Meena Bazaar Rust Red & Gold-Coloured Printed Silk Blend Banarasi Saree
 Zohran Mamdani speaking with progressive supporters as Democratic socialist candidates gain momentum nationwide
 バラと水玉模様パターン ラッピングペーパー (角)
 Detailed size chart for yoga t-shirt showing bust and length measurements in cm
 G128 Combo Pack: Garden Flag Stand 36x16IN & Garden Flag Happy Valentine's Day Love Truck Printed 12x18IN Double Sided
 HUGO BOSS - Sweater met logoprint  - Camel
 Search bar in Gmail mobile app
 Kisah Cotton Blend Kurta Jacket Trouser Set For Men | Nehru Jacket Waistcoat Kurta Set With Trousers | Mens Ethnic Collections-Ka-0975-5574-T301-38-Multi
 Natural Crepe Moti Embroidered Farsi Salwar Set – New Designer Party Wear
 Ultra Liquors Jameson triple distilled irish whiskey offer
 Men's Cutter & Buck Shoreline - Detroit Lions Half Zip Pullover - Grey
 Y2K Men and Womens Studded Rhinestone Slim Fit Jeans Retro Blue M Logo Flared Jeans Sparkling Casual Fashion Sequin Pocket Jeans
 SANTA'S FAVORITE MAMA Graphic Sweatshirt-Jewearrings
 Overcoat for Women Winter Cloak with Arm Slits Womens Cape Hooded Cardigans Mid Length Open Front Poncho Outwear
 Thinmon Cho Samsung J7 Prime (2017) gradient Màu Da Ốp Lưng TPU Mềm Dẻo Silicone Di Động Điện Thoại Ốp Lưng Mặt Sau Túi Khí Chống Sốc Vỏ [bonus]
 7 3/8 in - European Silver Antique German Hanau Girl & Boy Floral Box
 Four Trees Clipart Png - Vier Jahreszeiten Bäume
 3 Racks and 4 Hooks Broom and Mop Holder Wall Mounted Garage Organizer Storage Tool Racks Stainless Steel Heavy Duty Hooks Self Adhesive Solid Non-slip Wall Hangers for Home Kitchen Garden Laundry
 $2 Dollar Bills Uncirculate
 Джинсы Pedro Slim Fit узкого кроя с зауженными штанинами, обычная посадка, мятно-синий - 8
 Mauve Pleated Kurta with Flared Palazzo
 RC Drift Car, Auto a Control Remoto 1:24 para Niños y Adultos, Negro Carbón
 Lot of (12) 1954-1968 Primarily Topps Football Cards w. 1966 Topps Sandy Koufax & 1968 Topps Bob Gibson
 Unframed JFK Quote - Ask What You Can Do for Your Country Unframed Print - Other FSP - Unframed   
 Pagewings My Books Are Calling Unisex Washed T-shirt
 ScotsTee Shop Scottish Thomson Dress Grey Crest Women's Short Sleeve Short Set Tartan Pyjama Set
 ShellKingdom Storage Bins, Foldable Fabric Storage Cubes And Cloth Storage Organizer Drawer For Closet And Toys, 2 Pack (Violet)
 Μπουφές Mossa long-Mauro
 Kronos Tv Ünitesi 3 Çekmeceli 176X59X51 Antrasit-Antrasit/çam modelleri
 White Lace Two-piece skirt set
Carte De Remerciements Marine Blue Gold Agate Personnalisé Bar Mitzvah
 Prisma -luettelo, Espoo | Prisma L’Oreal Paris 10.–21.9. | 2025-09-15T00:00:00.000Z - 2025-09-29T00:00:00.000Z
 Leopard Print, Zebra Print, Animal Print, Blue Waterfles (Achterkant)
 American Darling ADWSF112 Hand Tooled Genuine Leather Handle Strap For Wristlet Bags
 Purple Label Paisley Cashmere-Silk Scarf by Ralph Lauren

AIM OF THE EXERCISE -
Output the full listing again, exactly as it stands above.

SOLUTION FOR THIS TASK -
Meena Bazaar Rust Red & Gold-Coloured Printed Silk Blend Banarasi Saree
 Zohran Mamdani speaking with progressive supporters as Democratic socialist candidates gain momentum nationwide
 バラと水玉模様パターン ラッピングペーパー (角)
 Detailed size chart for yoga t-shirt showing bust and length measurements in cm
 G128 Combo Pack: Garden Flag Stand 36x16IN & Garden Flag Happy Valentine's Day Love Truck Printed 12x18IN Double Sided
 HUGO BOSS - Sweater met logoprint  - Camel
 Search bar in Gmail mobile app
 Kisah Cotton Blend Kurta Jacket Trouser Set For Men | Nehru Jacket Waistcoat Kurta Set With Trousers | Mens Ethnic Collections-Ka-0975-5574-T301-38-Multi
 Natural Crepe Moti Embroidered Farsi Salwar Set – New Designer Party Wear
 Ultra Liquors Jameson triple distilled irish whiskey offer
 Men's Cutter & Buck Shoreline - Detroit Lions Half Zip Pullover - Grey
 Y2K Men and Womens Studded Rhinestone Slim Fit Jeans Retro Blue M Logo Flared Jeans Sparkling Casual Fashion Sequin Pocket Jeans
 SANTA'S FAVORITE MAMA Graphic Sweatshirt-Jewearrings
 Overcoat for Women Winter Cloak with Arm Slits Womens Cape Hooded Cardigans Mid Length Open Front Poncho Outwear
 Thinmon Cho Samsung J7 Prime (2017) gradient Màu Da Ốp Lưng TPU Mềm Dẻo Silicone Di Động Điện Thoại Ốp Lưng Mặt Sau Túi Khí Chống Sốc Vỏ [bonus]
 7 3/8 in - European Silver Antique German Hanau Girl & Boy Floral Box
 Four Trees Clipart Png - Vier Jahreszeiten Bäume
 3 Racks and 4 Hooks Broom and Mop Holder Wall Mounted Garage Organizer Storage Tool Racks Stainless Steel Heavy Duty Hooks Self Adhesive Solid Non-slip Wall Hangers for Home Kitchen Garden Laundry
 $2 Dollar Bills Uncirculate
 Джинсы Pedro Slim Fit узкого кроя с зауженными штанинами, обычная посадка, мятно-синий - 8
 Mauve Pleated Kurta with Flared Palazzo
 RC Drift Car, Auto a Control Remoto 1:24 para Niños y Adultos, Negro Carbón
 Lot of (12) 1954-1968 Primarily Topps Football Cards w. 1966 Topps Sandy Koufax & 1968 Topps Bob Gibson
 Unframed JFK Quote - Ask What You Can Do for Your Country Unframed Print - Other FSP - Unframed   
 Pagewings My Books Are Calling Unisex Washed T-shirt
 ScotsTee Shop Scottish Thomson Dress Grey Crest Women's Short Sleeve Short Set Tartan Pyjama Set
 ShellKingdom Storage Bins, Foldable Fabric Storage Cubes And Cloth Storage Organizer Drawer For Closet And Toys, 2 Pack (Violet)
 Μπουφές Mossa long-Mauro
 Kronos Tv Ünitesi 3 Çekmeceli 176X59X51 Antrasit-Antrasit/çam modelleri
 White Lace Two-piece skirt set
Carte De Remerciements Marine Blue Gold Agate Personnalisé Bar Mitzvah
 Prisma -luettelo, Espoo | Prisma L’Oreal Paris 10.–21.9. | 2025-09-15T00:00:00.000Z - 2025-09-29T00:00:00.000Z
 Leopard Print, Zebra Print, Animal Print, Blue Waterfles (Achterkant)
 American Darling ADWSF112 Hand Tooled Genuine Leather Handle Strap For Wristlet Bags
 Purple Label Paisley Cashmere-Silk Scarf by Ralph Lauren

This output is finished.